## Data for review
*** Block opens ***

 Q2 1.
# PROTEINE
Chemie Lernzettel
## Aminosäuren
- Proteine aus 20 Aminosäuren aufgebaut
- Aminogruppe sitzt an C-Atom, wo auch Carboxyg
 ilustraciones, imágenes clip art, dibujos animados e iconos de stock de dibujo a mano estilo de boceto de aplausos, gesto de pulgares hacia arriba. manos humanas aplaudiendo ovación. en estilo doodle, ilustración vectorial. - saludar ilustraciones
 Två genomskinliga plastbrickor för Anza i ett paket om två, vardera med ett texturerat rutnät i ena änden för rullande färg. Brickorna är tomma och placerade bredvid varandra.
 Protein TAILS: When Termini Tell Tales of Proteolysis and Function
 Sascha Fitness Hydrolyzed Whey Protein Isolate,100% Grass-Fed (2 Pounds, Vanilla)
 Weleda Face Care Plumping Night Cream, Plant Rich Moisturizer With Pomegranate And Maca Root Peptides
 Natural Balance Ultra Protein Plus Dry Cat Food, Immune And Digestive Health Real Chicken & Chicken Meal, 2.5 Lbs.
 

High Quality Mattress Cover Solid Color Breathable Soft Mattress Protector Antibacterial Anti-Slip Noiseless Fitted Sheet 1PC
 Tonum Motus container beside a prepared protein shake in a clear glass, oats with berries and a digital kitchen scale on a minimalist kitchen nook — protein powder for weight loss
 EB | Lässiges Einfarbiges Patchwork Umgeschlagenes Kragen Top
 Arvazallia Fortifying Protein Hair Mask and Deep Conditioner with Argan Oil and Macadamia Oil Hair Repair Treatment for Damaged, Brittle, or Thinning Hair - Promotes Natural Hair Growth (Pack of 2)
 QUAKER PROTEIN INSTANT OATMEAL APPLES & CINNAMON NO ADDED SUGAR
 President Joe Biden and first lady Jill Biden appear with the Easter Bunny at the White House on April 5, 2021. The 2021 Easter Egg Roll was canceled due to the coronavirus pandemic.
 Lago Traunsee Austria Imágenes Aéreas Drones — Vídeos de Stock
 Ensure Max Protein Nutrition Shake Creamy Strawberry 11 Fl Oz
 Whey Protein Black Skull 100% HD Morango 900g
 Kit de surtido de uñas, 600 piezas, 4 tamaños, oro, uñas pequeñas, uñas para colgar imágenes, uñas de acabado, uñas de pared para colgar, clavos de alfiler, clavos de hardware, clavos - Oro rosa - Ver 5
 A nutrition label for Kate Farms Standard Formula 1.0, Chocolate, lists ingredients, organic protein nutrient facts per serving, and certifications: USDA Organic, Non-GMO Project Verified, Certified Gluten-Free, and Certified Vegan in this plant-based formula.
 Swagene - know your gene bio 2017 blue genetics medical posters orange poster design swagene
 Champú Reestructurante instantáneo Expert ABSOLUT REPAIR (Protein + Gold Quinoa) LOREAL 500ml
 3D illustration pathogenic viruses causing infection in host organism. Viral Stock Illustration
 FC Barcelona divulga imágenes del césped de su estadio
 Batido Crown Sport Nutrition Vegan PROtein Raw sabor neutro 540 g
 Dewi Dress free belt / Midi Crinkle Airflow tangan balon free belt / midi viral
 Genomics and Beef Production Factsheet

*** Block closes ***

## Exercise directions
Set down precisely the lines above between the line holding "QUAKER PROTEIN INSTANT" and the line holding "Swagene - know", inclusive, and nothing beyond them.

## Worked solution
 QUAKER PROTEIN INSTANT OATMEAL APPLES & CINNAMON NO ADDED SUGAR
 President Joe Biden and first lady Jill Biden appear with the Easter Bunny at the White House on April 5, 2021. The 2021 Easter Egg Roll was canceled due to the coronavirus pandemic.
 Lago Traunsee Austria Imágenes Aéreas Drones — Vídeos de Stock
 Ensure Max Protein Nutrition Shake Creamy Strawberry 11 Fl Oz
 Whey Protein Black Skull 100% HD Morango 900g
 Kit de surtido de uñas, 600 piezas, 4 tamaños, oro, uñas pequeñas, uñas para colgar imágenes, uñas de acabado, uñas de pared para colgar, clavos de alfiler, clavos de hardware, clavos - Oro rosa - Ver 5
 A nutrition label for Kate Farms Standard Formula 1.0, Chocolate, lists ingredients, organic protein nutrient facts per serving, and certifications: USDA Organic, Non-GMO Project Verified, Certified Gluten-Free, and Certified Vegan in this plant-based formula.
 Swagene - know your gene bio 2017 blue genetics medical posters orange poster design swagene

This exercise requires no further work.